→ **GIVEN RECORDS**:
━━━━━━━━━━━━━━━━━━━━━━━━━━━━━━
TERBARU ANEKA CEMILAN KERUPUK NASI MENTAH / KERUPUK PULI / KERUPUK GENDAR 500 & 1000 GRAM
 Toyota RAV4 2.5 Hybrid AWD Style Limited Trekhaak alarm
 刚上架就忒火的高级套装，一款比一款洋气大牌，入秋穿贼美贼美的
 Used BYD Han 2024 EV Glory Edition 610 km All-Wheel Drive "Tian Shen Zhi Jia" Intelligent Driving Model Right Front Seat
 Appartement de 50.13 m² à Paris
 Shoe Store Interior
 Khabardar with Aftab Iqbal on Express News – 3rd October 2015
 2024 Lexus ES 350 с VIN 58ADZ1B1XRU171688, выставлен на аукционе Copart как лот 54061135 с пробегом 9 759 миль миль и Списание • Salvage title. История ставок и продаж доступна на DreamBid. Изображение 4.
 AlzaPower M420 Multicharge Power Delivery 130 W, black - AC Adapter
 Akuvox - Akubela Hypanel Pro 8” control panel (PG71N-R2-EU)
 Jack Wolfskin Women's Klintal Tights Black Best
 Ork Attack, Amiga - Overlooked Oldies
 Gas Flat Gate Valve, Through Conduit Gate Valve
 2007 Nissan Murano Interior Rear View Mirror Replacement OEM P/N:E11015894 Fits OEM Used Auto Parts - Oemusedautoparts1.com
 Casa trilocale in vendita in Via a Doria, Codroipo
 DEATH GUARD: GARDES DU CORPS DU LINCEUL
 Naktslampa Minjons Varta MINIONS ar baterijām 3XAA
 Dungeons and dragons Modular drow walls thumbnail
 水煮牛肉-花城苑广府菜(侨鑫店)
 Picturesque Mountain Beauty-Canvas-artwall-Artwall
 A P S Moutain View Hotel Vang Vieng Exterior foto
━━━━━━━━━━━━━━━━━━━━━━━━━━━━━━
→ **EXERCISE BRIEF**:
Extract exactly the lines between the line containing "Ork Attack, Amiga - Overlooked Oldies" and the end of the data, including both.

→ **RESPONSE TO THIS EXERCISE**:
 Ork Attack, Amiga - Overlooked Oldies
 Gas Flat Gate Valve, Through Conduit Gate Valve
 2007 Nissan Murano Interior Rear View Mirror Replacement OEM P/N:E11015894 Fits OEM Used Auto Parts - Oemusedautoparts1.com
 Casa trilocale in vendita in Via a Doria, Codroipo
 DEATH GUARD: GARDES DU CORPS DU LINCEUL
 Naktslampa Minjons Varta MINIONS ar baterijām 3XAA
 Dungeons and dragons Modular drow walls thumbnail
 水煮牛肉-花城苑广府菜(侨鑫店)
 Picturesque Mountain Beauty-Canvas-artwall-Artwall
 A P S Moutain View Hotel Vang Vieng Exterior foto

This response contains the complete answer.